N. O.-K. : Nous nous battons. 90% des femmes musulmanes, d’origine musulmane, s’habillent normalement. Ce que nous n’acceptons pas, ce sont les théories qui disent que c’est cela la liberté d’expression, la liberté de religion, la laïcité, ces théories minoritaires qui parlent au nom de nous tous. Ils ont le droit d’exister en tant que minorité radicale, mais il faut expliquer que tous les autres musulmans n’en font pas partie. Nous dénonçons ce mélange alors qu’on ne se reconnait pas dans le port du voile. Nous sommes contre car il n’existe pas dans l’islam. Aucun verset du coran ne dit « cacher la tête ». La pudeur doit être la même pour l’homme et la femme.

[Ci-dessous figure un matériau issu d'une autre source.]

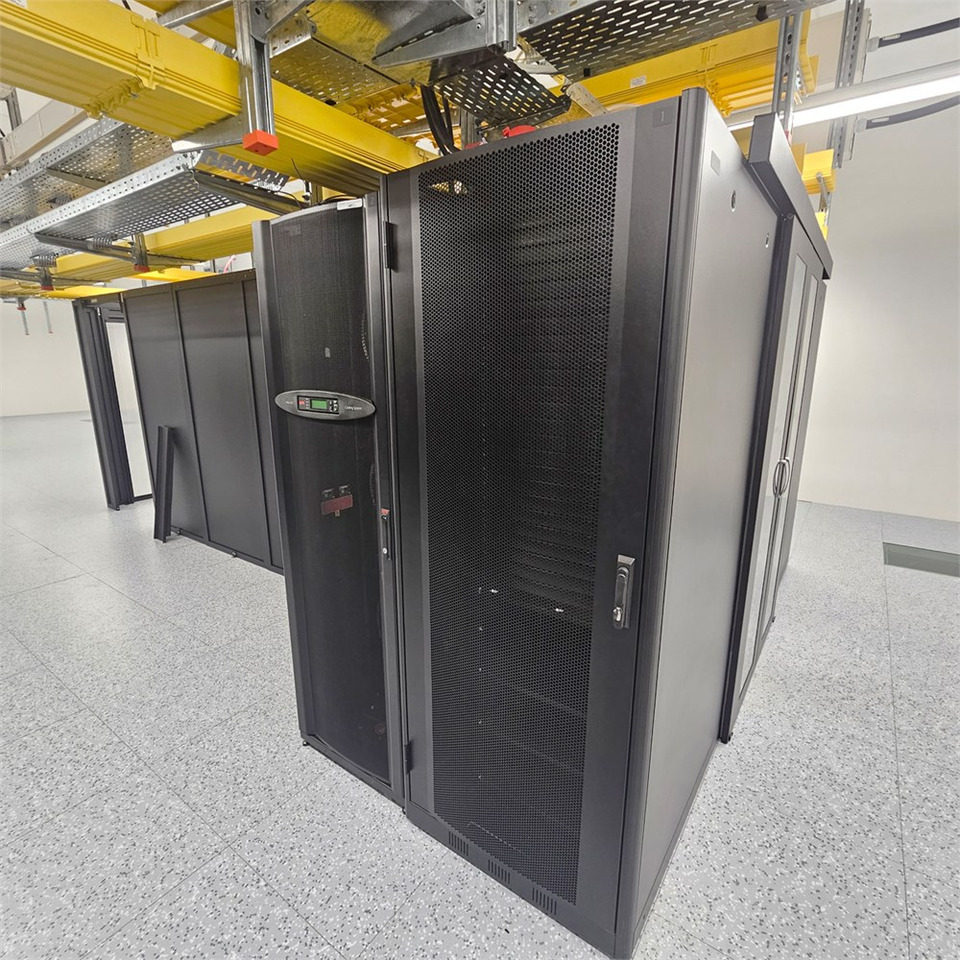 ABC APC NetShelter SX - AR3350SP - Equipamento industrial: foto 4 ABC APC NetShelter SX - AR3350SP - Equipamento industrial: foto 4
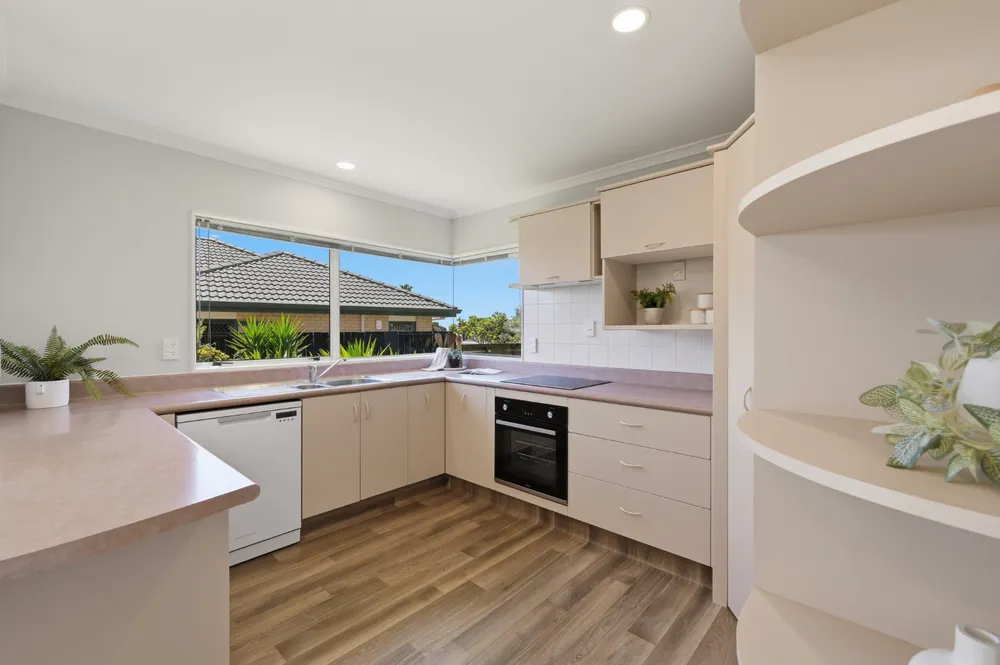 Photos of 5 Kochia Avenue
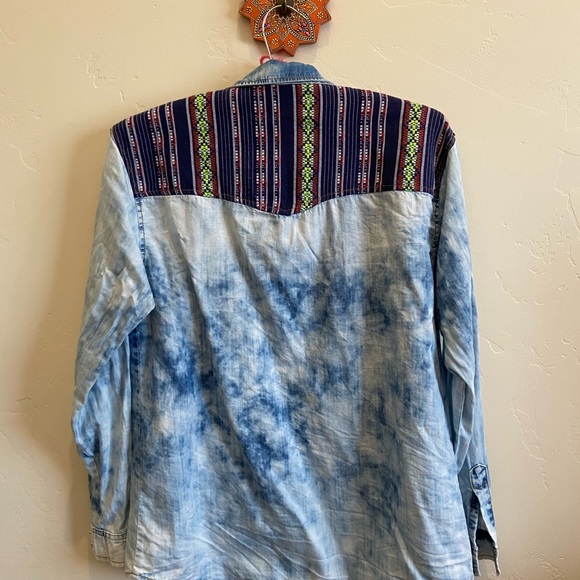 Fun Textile Bleached Button Up Shirt Small - Picture 3 of 4
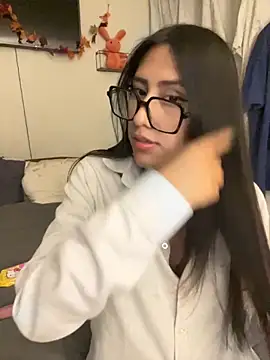 AleFantasy0001 online show from November 7, 4:28 am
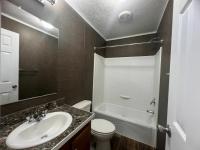 2017 Clayton Homes Inc Yes Mobile Home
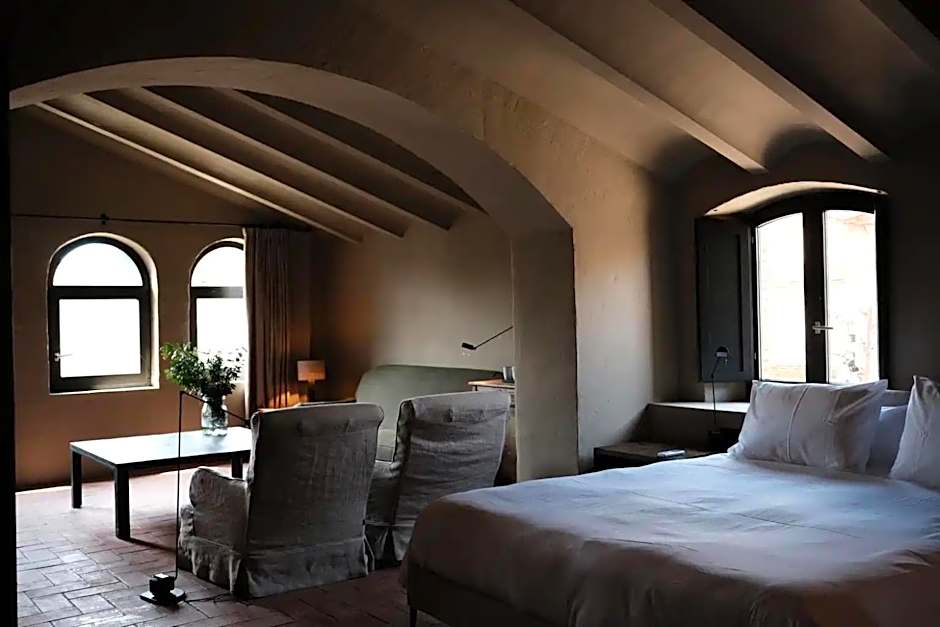 Hotel la Placa Madremanya
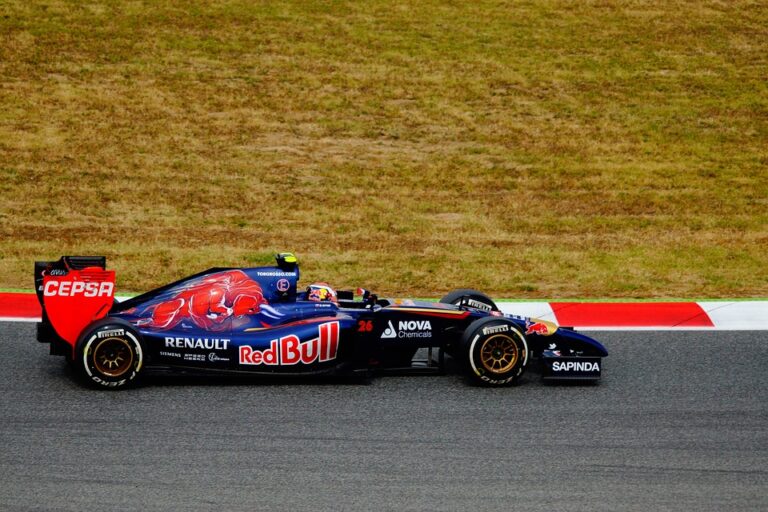Alpha tauri moteur : innovations et performances en Formule 1 2024 !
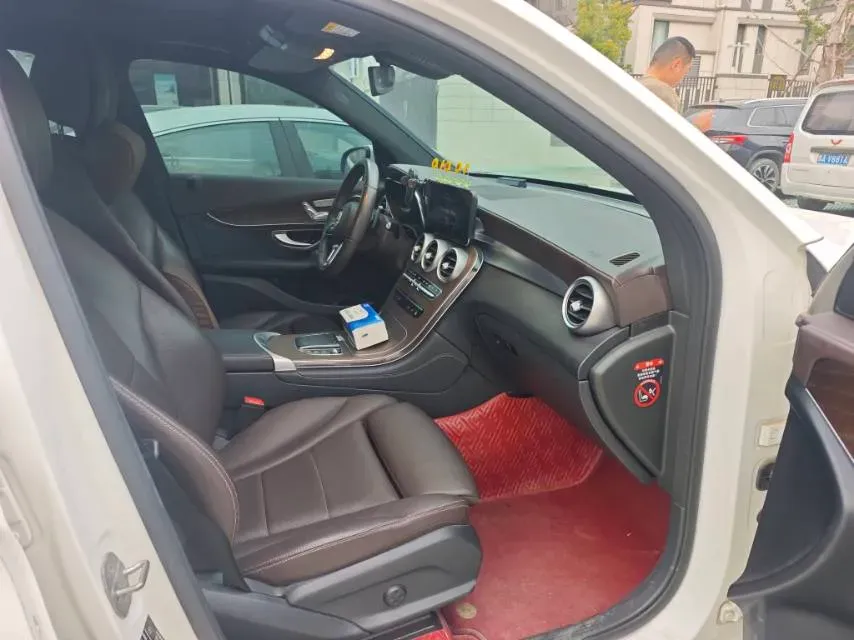 2020 Mercedes-Benz GLC Class 2.0T 197HP L4 9AT,autocango,china used car exporter,china ev exporter,chinese used car exporter,chinese used ev exporter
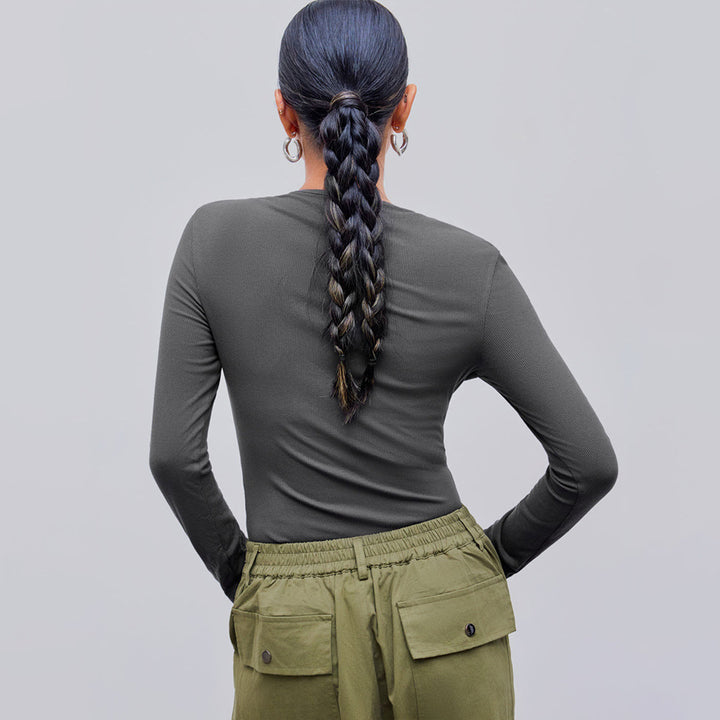 Chemise à manches longues pour femmes avec un décolleté rond profond et une texture côtelée tendance Chic & Stil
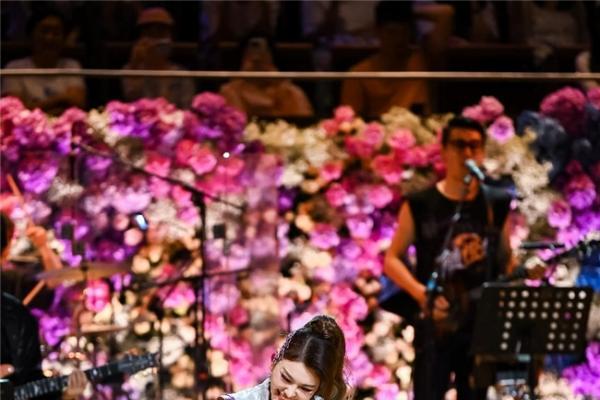 乌兰图雅“花开四季”上海演唱会火爆开唱 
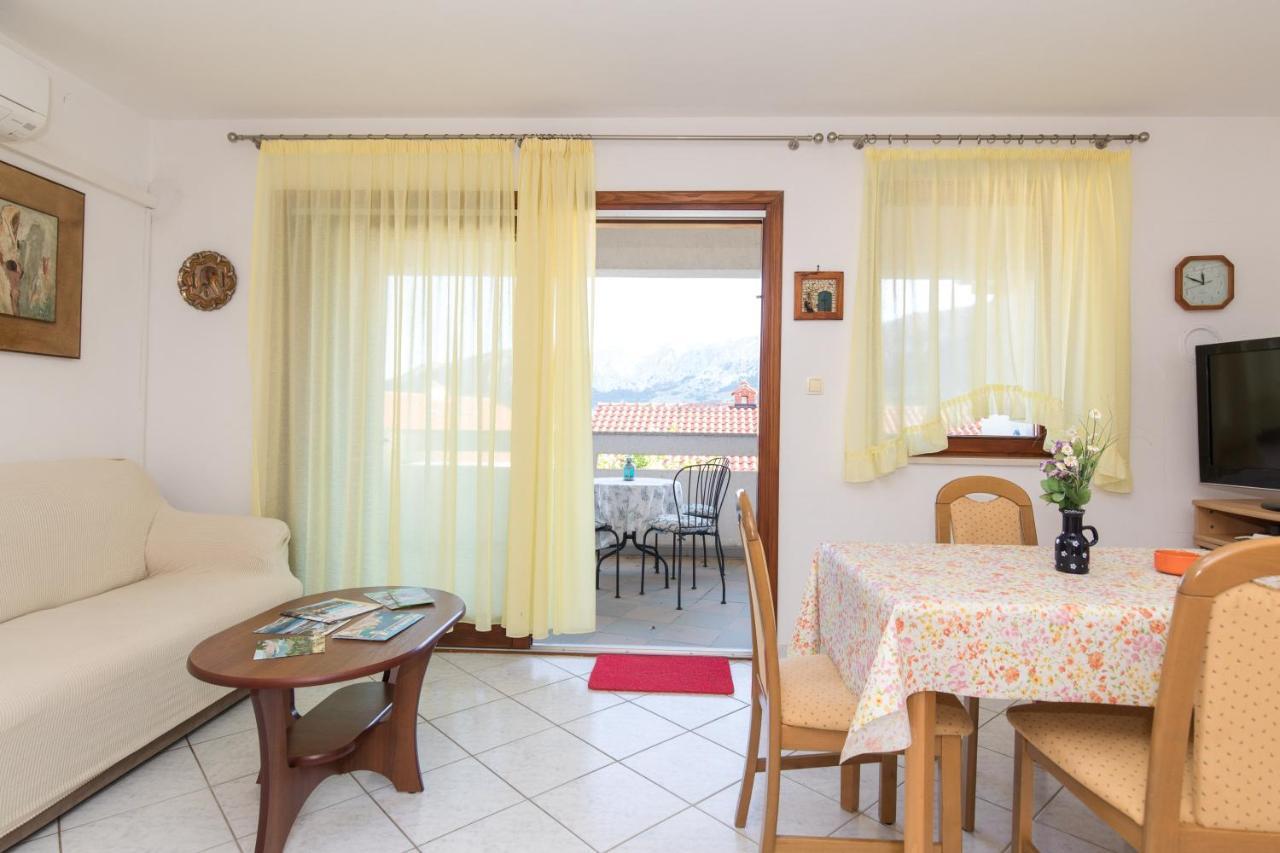 Apartment Glorija With Balcony Башка Экстерьер фото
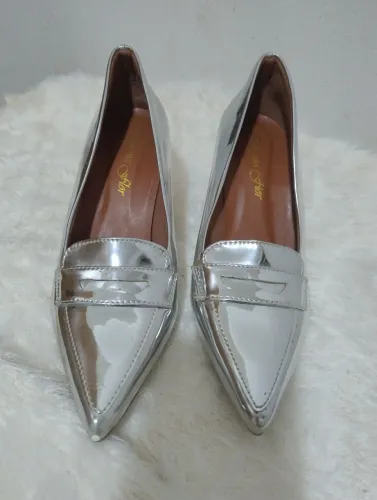 Sapatos Oxford Femininos Prateados - Elegância em Cada Passo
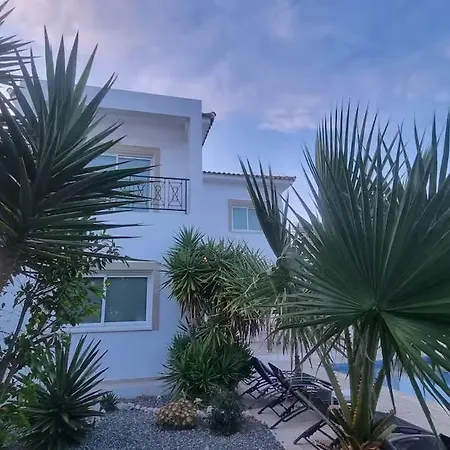 Harjo Villa 3Bdr Aju * 圣纳帕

A. : C’est le problème de parler au nom d’une communauté comme si tout le monde devait se comporter d’une manière uniforme.
N. O.-K. : Allez critiquer leur manière d’interpréter l’islam et vous êtes islamophobe, raciste. Leur religion n’est pas la religion de tout le monde. Ils ont fait le travail dans les pays du Maghreb, ils ont habillé toutes les femmes, ils sont venus en France et veulent nous habiller. On a laissé faire dans le monde et on est en train de laisser faire ici. Pourquoi l’Etat n’a-t-il pas expliqué que le voile, religieux ou pas, a un contenu sexiste ? On peut dire que le voile apporte une séparation des sexes dont l’un est infériorisé par rapport à l’autre (l’un peut se montrer, l’autre pas). L’Etat a interdit le voile intégral et le voile à l’école sans donner d’explications sur l’égalité. Il l’a considéré comme un signe ostentatoire. Et le néo-communautaristes, ceux qui défendent le groupe, considèrent que nous, les femmes musulmanes, cela fait partie de notre culture, de notre identité. Ils oublient que nous sommes d’abord des femmes libres, que nous nous sommes déjà battus là-bas pour l’égalité. Les femmes se sont dévoilées et les islamistes leur ont imposé le voile par la suite. En Algérie, le voile est porté par 90% des femmes. Il y a eu un mouvement de dévoilement soutenu par les religieux, dans les années 40. La Turquie, l’Egypte, c’était autre chose, regardez les films, ça vous donnera une idée. Je n’ai pas connu le voile à l’école. Le voile est venu dans les années 80. L’islamisme est dur à battre, il faut mettre beaucoup de moyens. Nous demandons à l’Etat de prendre position par rapport à l’égalité et aux musulmanes de déconstruire ce lien entre voile et islam. Et puis, nous posons le problème des mineures de 7/8 ans, qui sont en danger. Quand une fille de 8 ans se retrouve voilée, on ne devrait pas laisser faire.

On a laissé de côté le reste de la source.